Your objective:
An exact copy of all the data below is needed, without its pictures.
BEGIN Data extract
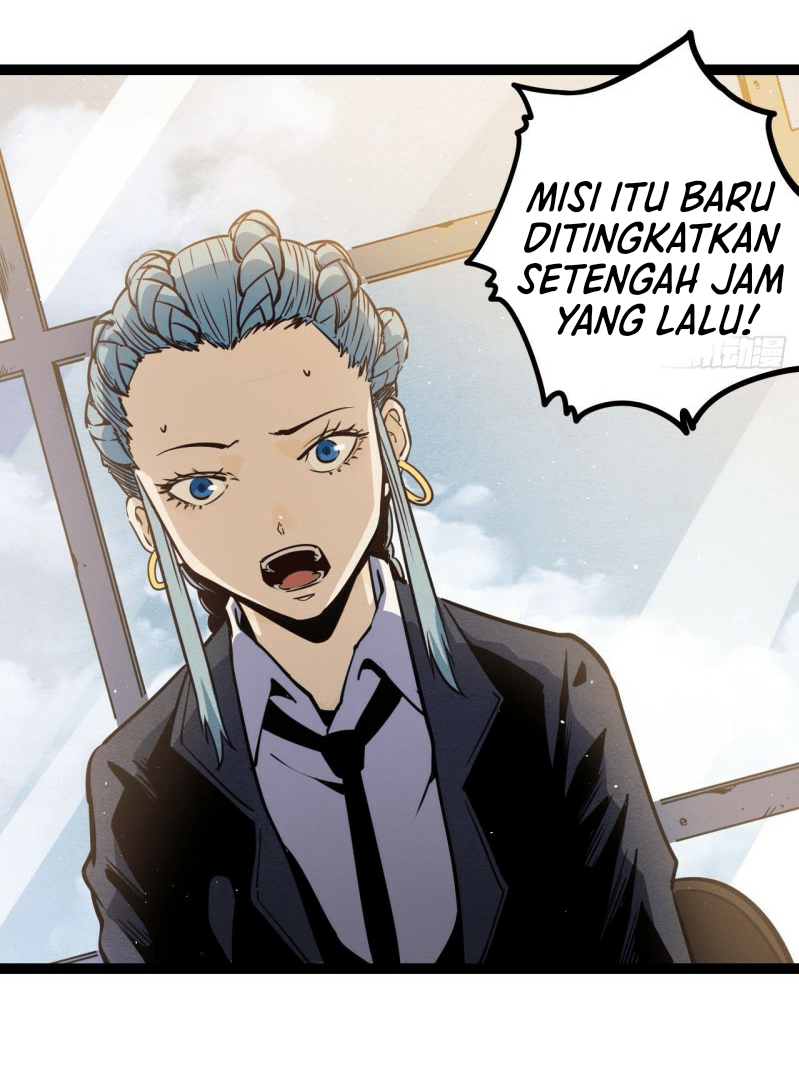 Echoes Chapter 5 - halaman 36
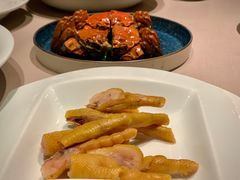 -新荣记(椒江店)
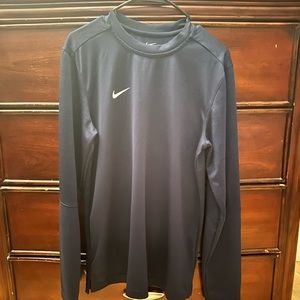 Nike dri fit long sleeve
END Data extract
Solution:
 Echoes Chapter 5 - halaman 36
 -新荣记(椒江店)
 Nike dri fit long sleeve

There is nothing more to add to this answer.